### What to work on
Repeat the listing word for word. No pictures belong in the copy.
--- Recorded information Enclosed Below ---
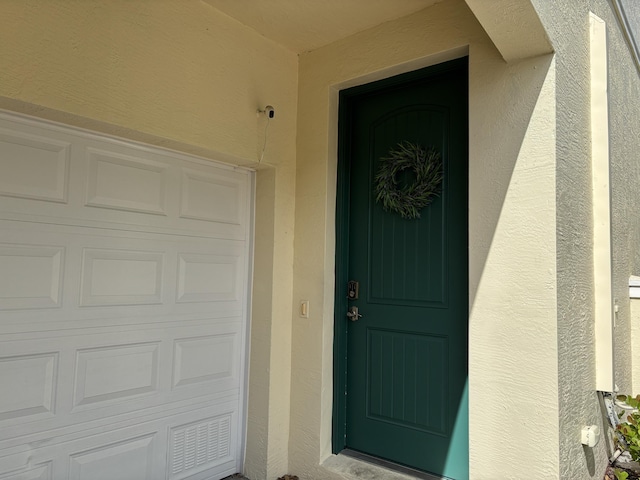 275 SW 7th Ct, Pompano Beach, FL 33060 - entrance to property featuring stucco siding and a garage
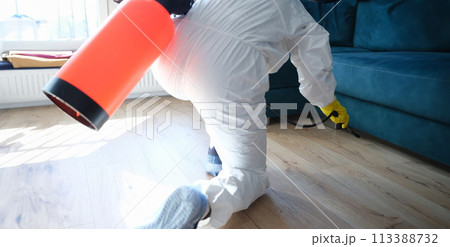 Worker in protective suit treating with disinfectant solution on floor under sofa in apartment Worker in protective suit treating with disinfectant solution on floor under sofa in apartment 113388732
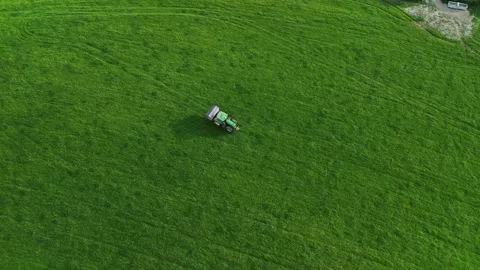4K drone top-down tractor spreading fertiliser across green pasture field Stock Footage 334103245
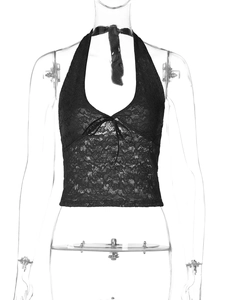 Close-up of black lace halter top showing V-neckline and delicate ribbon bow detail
--- End of Enclosed Recorded information ---
### Reply
 275 SW 7th Ct, Pompano Beach, FL 33060 - entrance to property featuring stucco siding and a garage
 Worker in protective suit treating with disinfectant solution on floor under sofa in apartment Worker in protective suit treating with disinfectant solution on floor under sofa in apartment 113388732
4K drone top-down tractor spreading fertiliser across green pasture field Stock Footage 334103245
 Close-up of black lace halter top showing V-neckline and delicate ribbon bow detail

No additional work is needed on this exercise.